#### [Requirement]
When writing out the entries below, keep only the lines from the line with "BLAU MIT HÜBSCHEN" to the line with "Tričko pánské/dětské s", both included, exactly as they are, and leave the pictures aside.

#### [Records for this exercise]
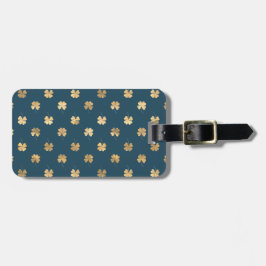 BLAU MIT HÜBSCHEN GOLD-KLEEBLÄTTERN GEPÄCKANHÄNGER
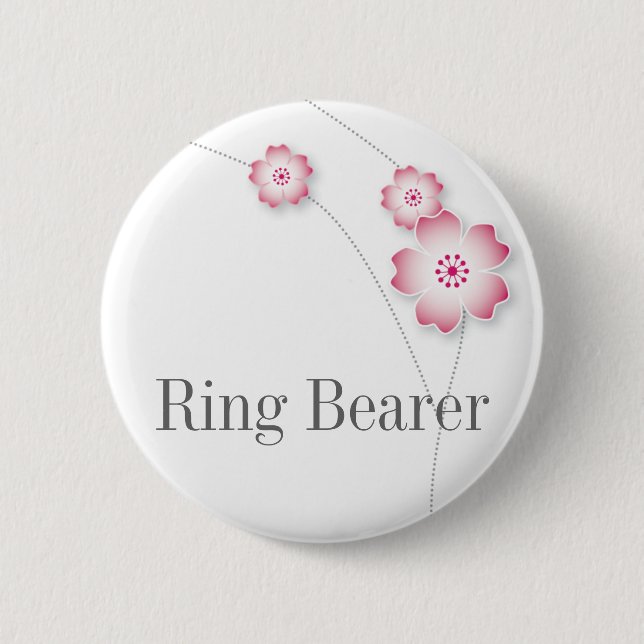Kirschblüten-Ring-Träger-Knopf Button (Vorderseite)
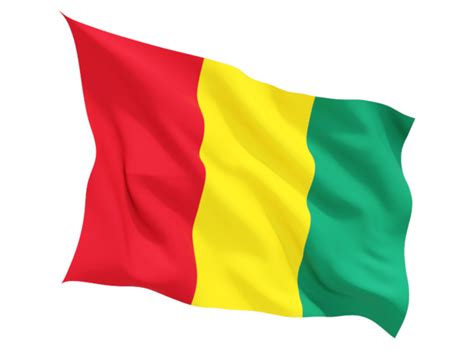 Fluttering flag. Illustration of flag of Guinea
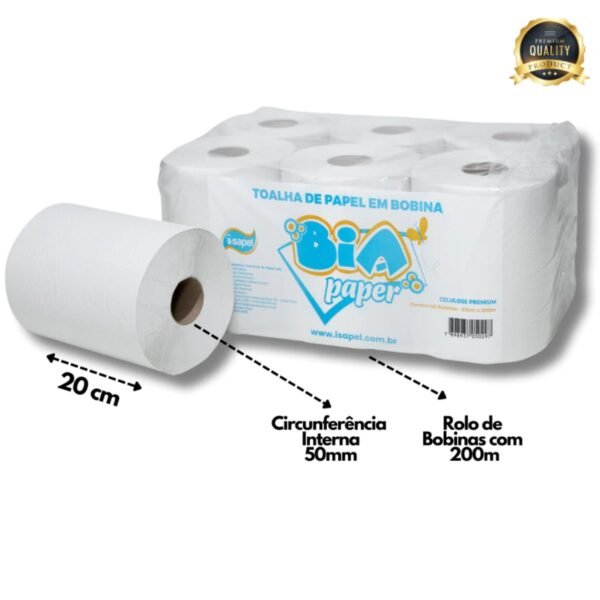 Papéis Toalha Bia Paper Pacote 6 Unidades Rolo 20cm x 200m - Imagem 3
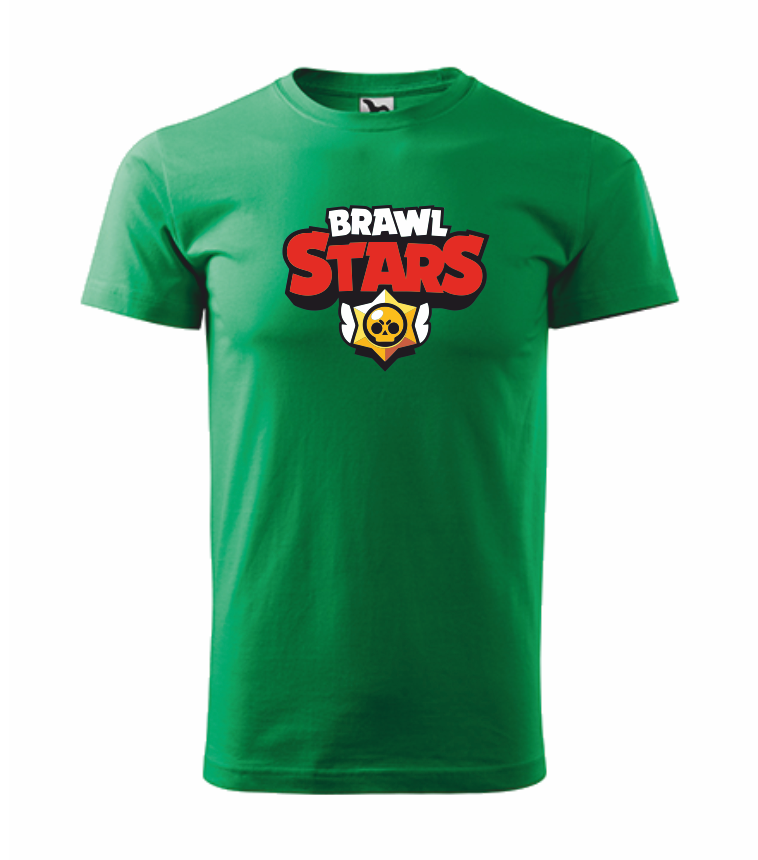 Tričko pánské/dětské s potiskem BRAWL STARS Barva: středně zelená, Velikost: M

* * *

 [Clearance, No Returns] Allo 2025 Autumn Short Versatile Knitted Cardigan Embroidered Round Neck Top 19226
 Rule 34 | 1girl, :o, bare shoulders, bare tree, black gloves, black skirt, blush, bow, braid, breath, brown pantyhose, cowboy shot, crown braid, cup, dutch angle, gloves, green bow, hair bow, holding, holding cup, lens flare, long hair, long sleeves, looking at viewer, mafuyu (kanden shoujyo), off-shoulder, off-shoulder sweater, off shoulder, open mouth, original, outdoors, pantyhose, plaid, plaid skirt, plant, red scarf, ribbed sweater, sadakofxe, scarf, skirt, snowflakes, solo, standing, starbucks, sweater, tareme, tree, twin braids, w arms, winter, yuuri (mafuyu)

#### [Answer to this problem]
 BLAU MIT HÜBSCHEN GOLD-KLEEBLÄTTERN GEPÄCKANHÄNGER
Kirschblüten-Ring-Träger-Knopf Button (Vorderseite)
 Fluttering flag. Illustration of flag of Guinea
 Papéis Toalha Bia Paper Pacote 6 Unidades Rolo 20cm x 200m - Imagem 3
 Tričko pánské/dětské s potiskem BRAWL STARS Barva: středně zelená, Velikost: M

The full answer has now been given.